Just to give all the climbers out there a little perspective on how much work actually goes into the route setting at indoor climbing gyms, I decided to put together a time lapse of the process.
In stage one of the time lapse, we see the strippers remove all the plastic holds and tape. They kicked off this part of the project a 11pm and finished up around 1:30 am. During the second stage, the route setters began working their magic at around 8am and finished up a bit after 4pm. There are equal parts art, science and brawn that go into the development of each route. This can be seen throughout the sequence as the setters put up, test and retest every one of their lines before allowing throngs of anxious climbers have at it for the rest of the night.
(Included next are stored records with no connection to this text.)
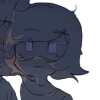 ㅤ⇄ : :ㅤ 𝗠𝗗 #𝒿esseillusts
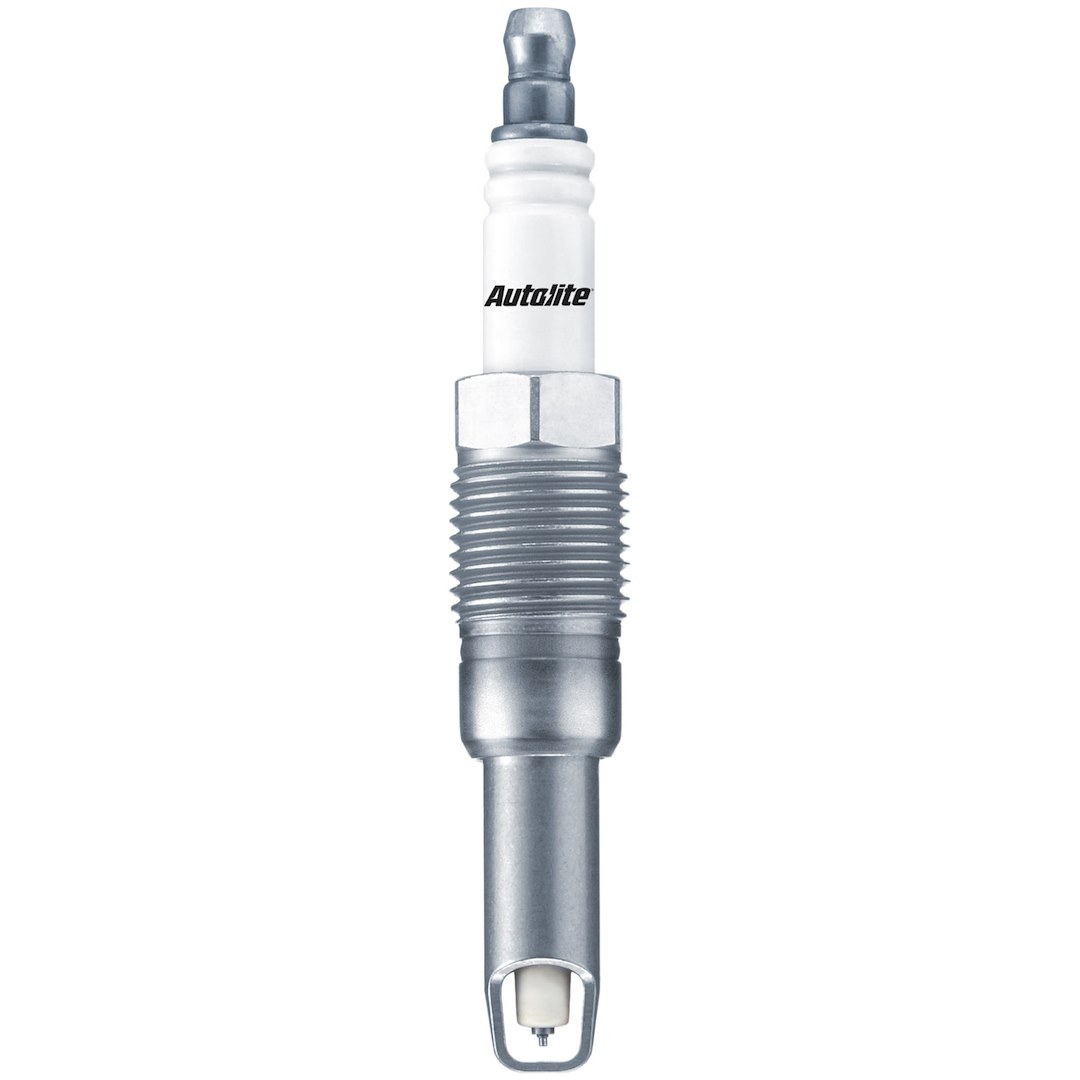 Autolite Spark Plug, Revolution Ht ®, Single – HT2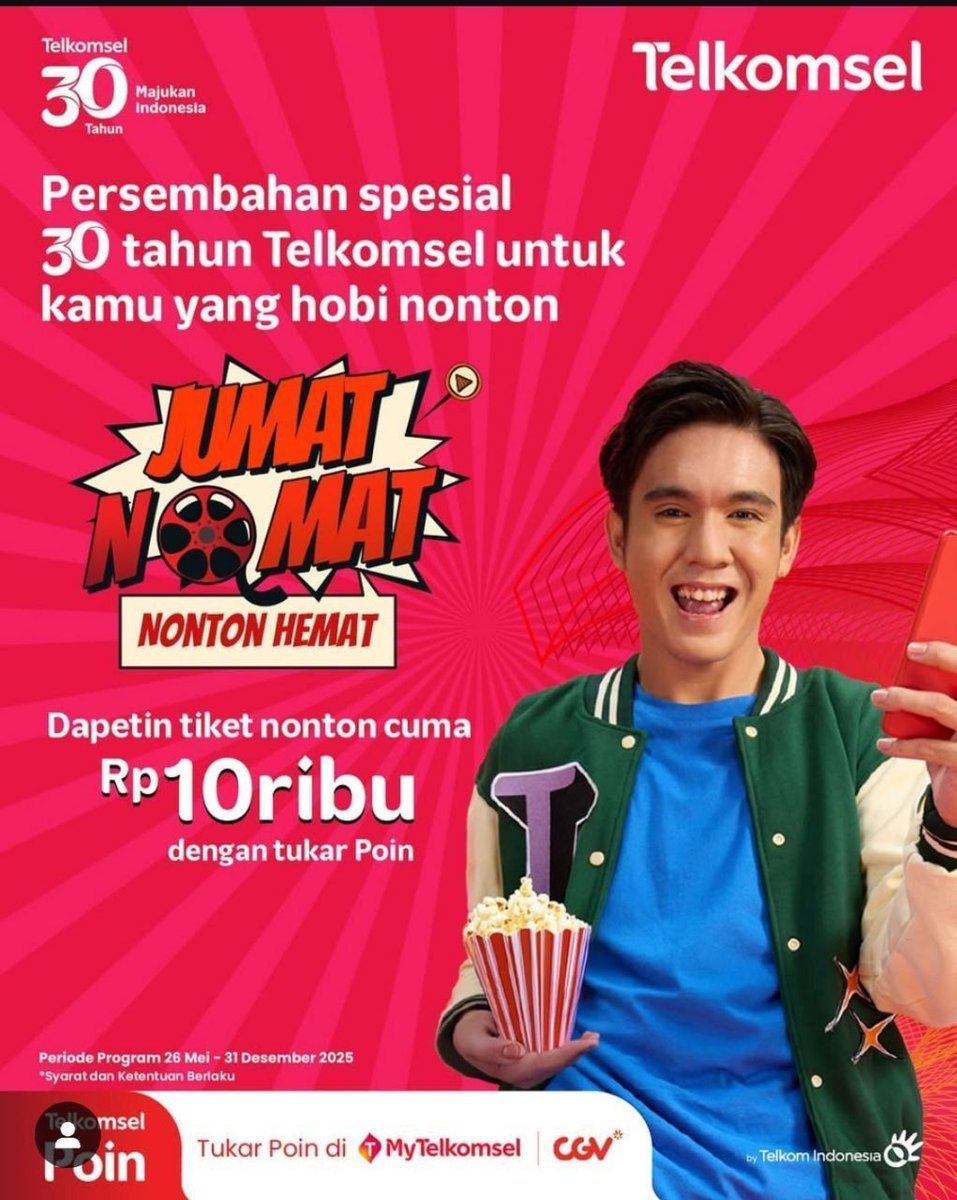 SiCode Promo tweet media
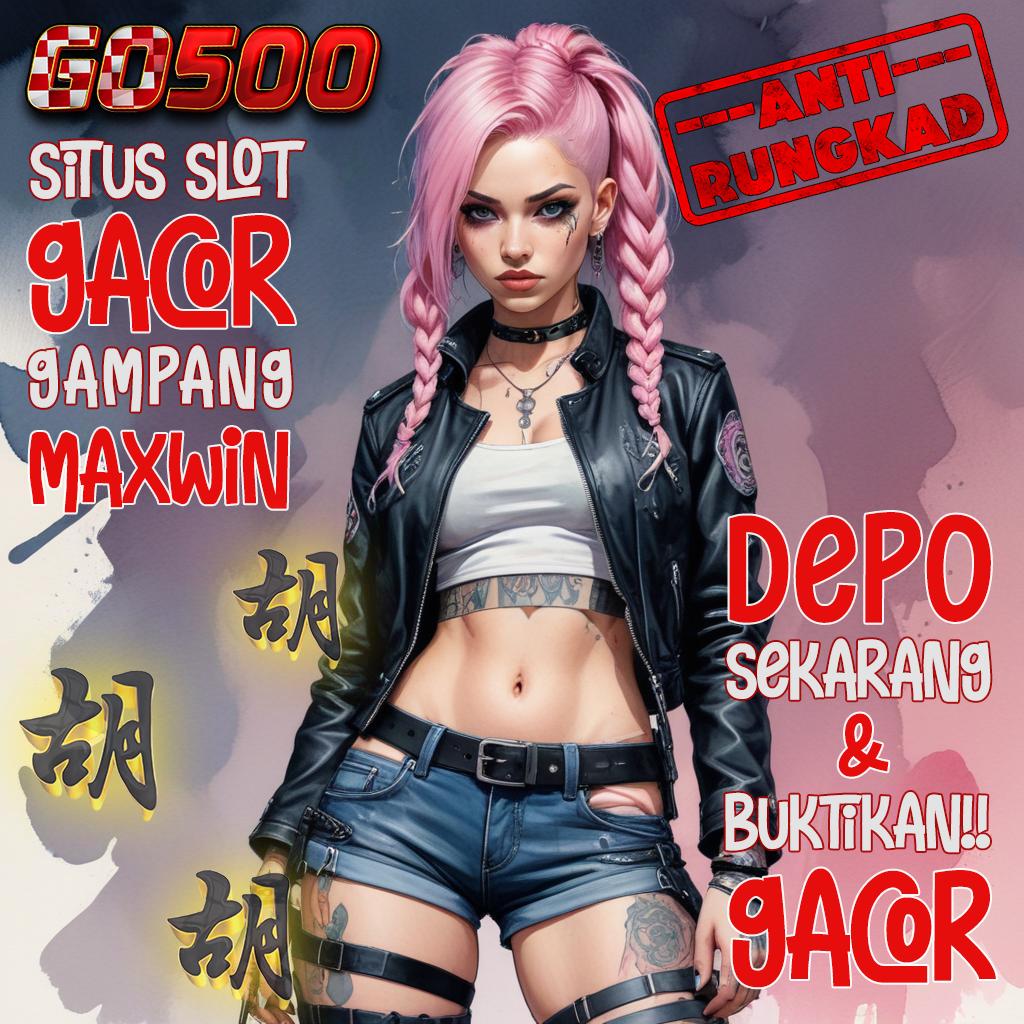 Cheat Slot Gacor Maxwin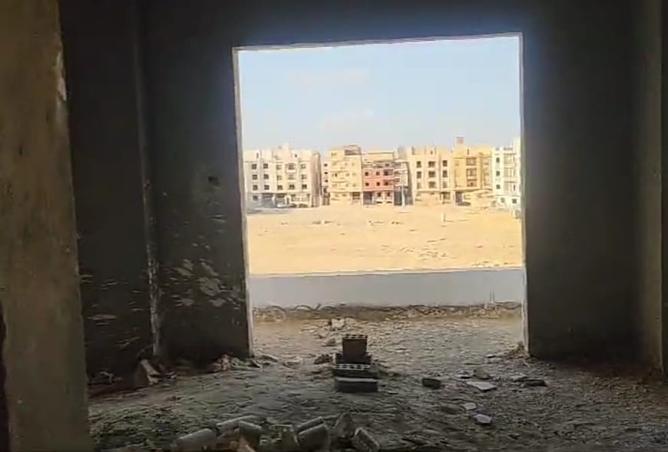 8478327 - Property Image 2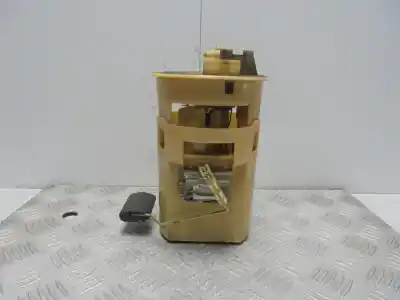 Recambio de automóvil de segunda mano de BOMBA COMBUSTIBLE para HYUNDAI COUPE (GK)  referencias OEM IAM 311102C  
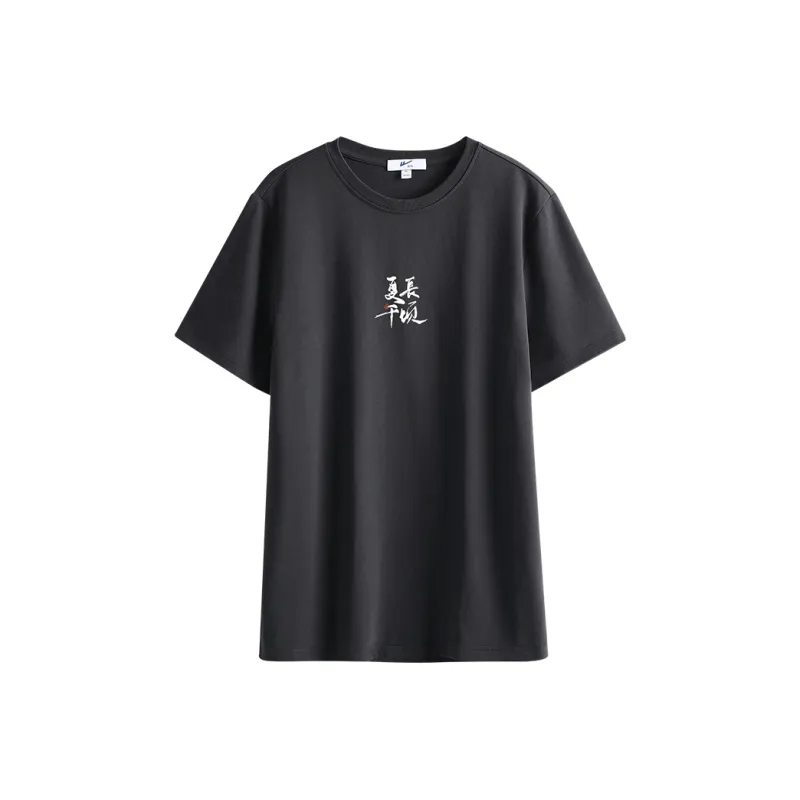 Warrior Drop Shoulder Sleeve T Shirt Women's-3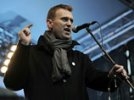 11 друзей Навального: блоггер назвал бизнесменов, давших ему миллионы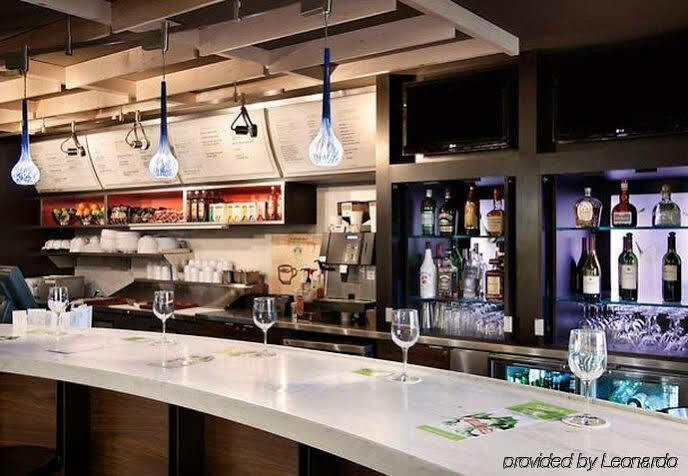 Hotel Courtyard By Marriott West Orange Exterior foto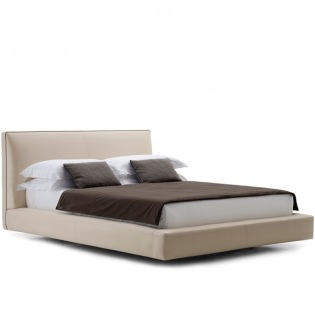 B&B Italia RICHARD Bett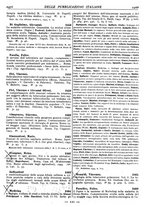 giornale/MIL0122205/1945/unico/00000261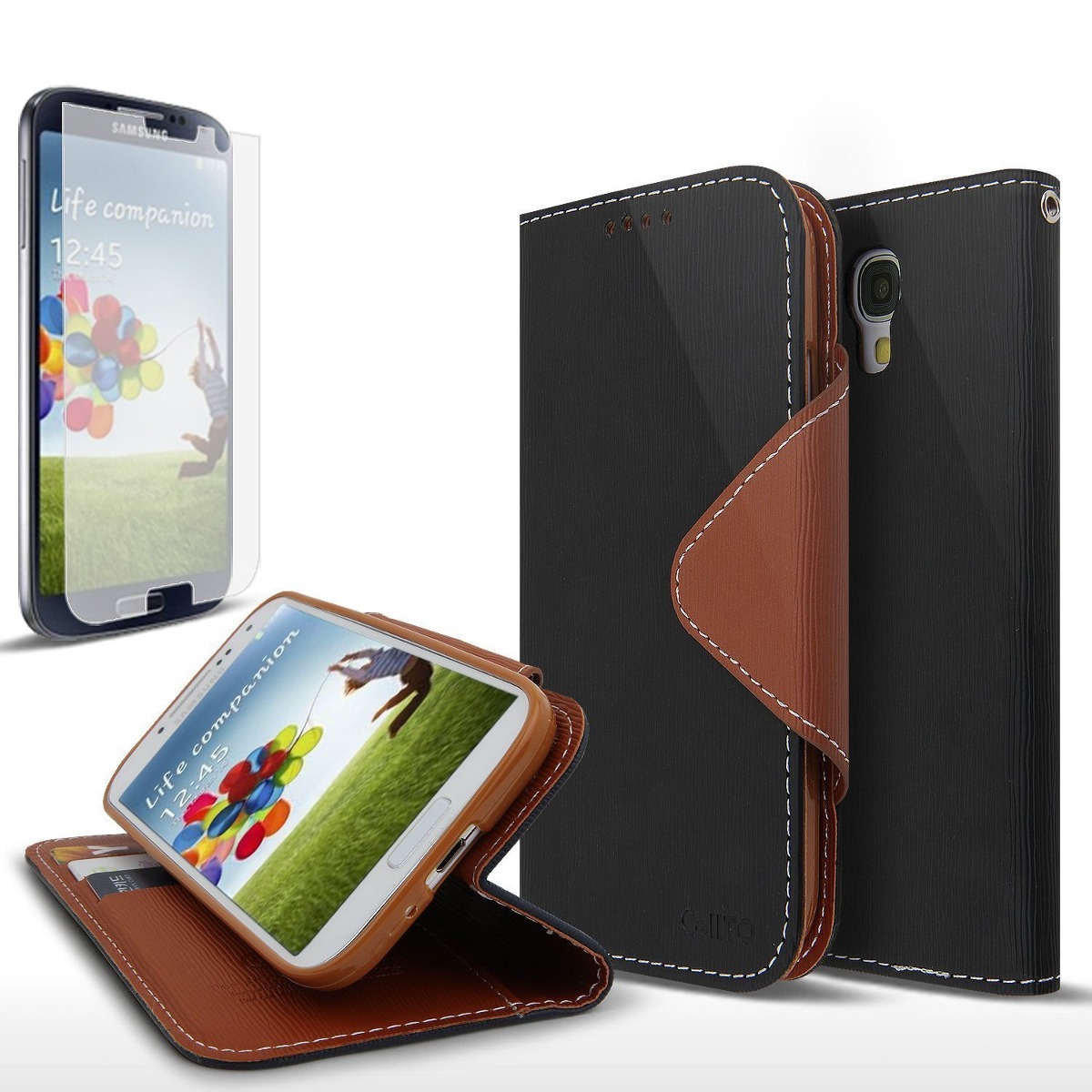 carcasa galaxy s4 active carcasa galaxy s4 active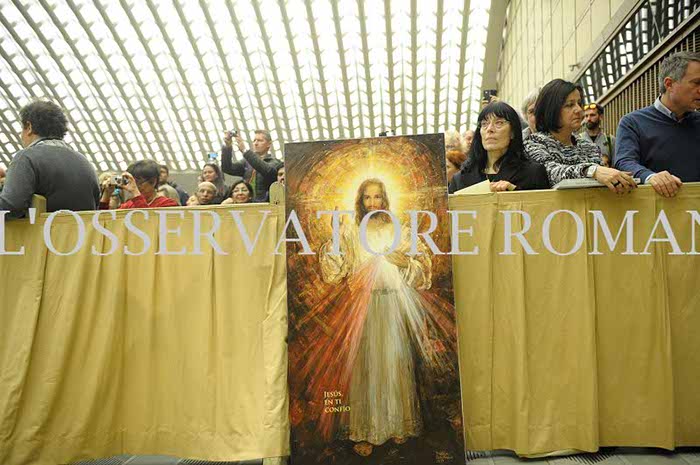 %_tempFileName053322_15022017%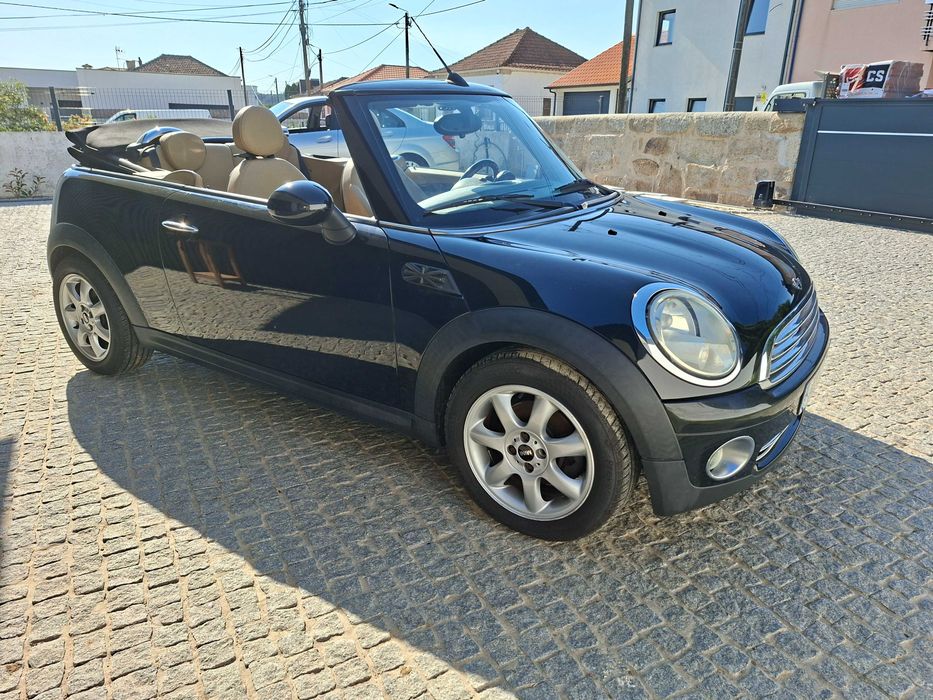 mini cabriolet com pele509563141347747843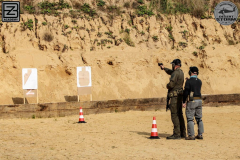 rifle-instructor-course-bz-academy-poland-europe-course-017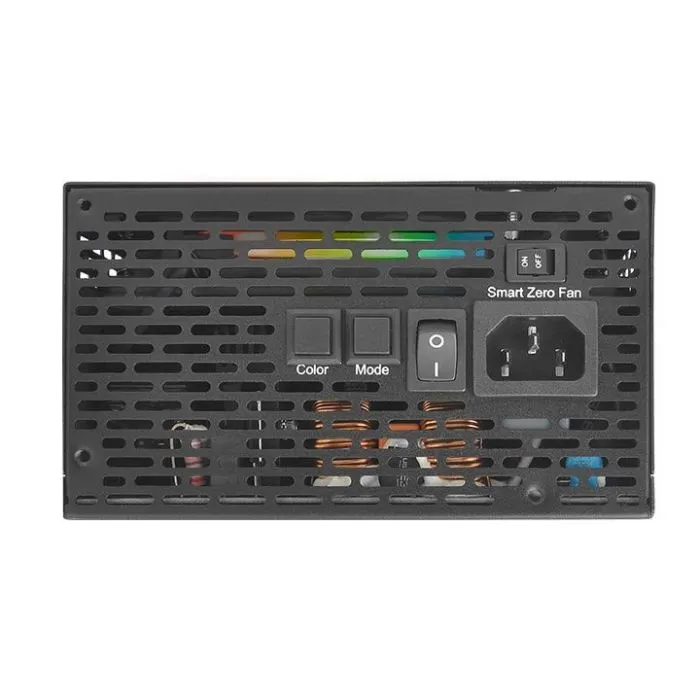 Thermaltake Toughpower GF1 ARGB 850W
For all of you photo geeks out there, this time lapse was shot on a Canon 40D using a 17-40mm Canon L-Series lens. The intervalometer was set to snap a shot once ever 20 seconds until the batteries ran dry. Camera settings were ISO 800 @ f/5.6 and I dragged the shutter with a 1/13 sec exposure. For playback, the first stage of the lapse ran at 15fps, stage two went at 30fps. If you would like to learn how to make your own time lapse, just Google it! There are tutorials all over the place and I don't really see the point in remaking the wheel. Though I would highly recommend downloading LRTimelapse. It's quite possibly one of the best (and simplest) pieces of software out there for cleaning up your time lapse video.
Thanks to the guys and gals at Seattle Bouldering Project for all of their hard work and rad routes!